For decades, the turning of an engine was a primitive struggle of bone against iron. In pits dug during the British colonial era, laborers would lean their chests against heavy levers, physically shoving the massive machines until they faced the right direction. When these mechanisms inevitably seized under the weight of years, the railway simply stopped turning the engines altogether. Locomotives were driven in reverse, with the long hood of the boiler blocking the operator’s view, a practice that turned the tracks into a landscape of blind risks and avoidable tragedies.

Babu, a mechanical engineer who viewed his state-funded education as a debt to be repaid to the public, refused to accept the unwritten rule that a train merely reaching its destination was a success. He saw the wreckage of the October 2023 collision at Bhairab—where seventeen lives were lost—not as an act of fate, but as a failure of simple mechanics. He set to work in the depot workshop, naming his series of low-cost solutions Odommo, the Bengali word for unstoppable.
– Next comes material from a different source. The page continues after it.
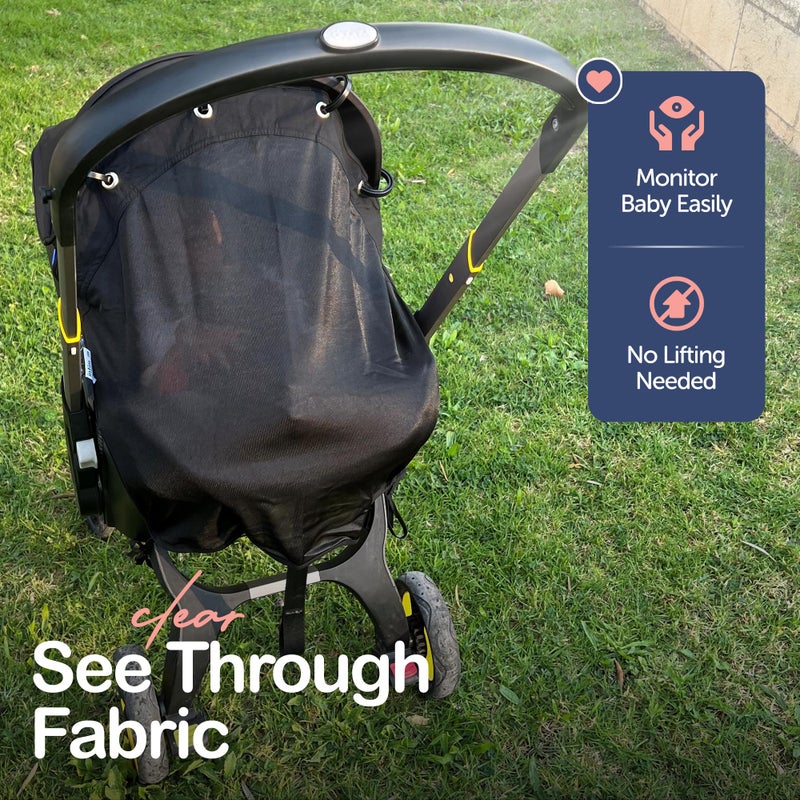 IntiMom Stroller Sun Shade - Universal UV Protection Cover for Strollers Sunshade with See Through, Clip-On Sun Blocker, Sun Shield for Baby, Breathable Adjustable Fit, Full Coverage, M Black - Image 4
The automated turntable is more than a technical upgrade; it is a restoration of sight to the men in the cabs. Having secured the safety of his local lines, Babu has been recognized as the first Bangladeshi to win a Silver Stevie Award for innovation. Yet his gaze remains on the horizon of his own country. He has accepted a doctoral position at Louisiana Tech University, but he frames the move as a temporary gathering of skill.

Bangladesh should build its own trains and engines rather than importing them.

His vision for the future is as precise as his engineering. He does not intend to remain in the laboratories of the United States; he plans to return to the depots of his home, ensuring that the country no longer needs to look abroad for the machines that move its people.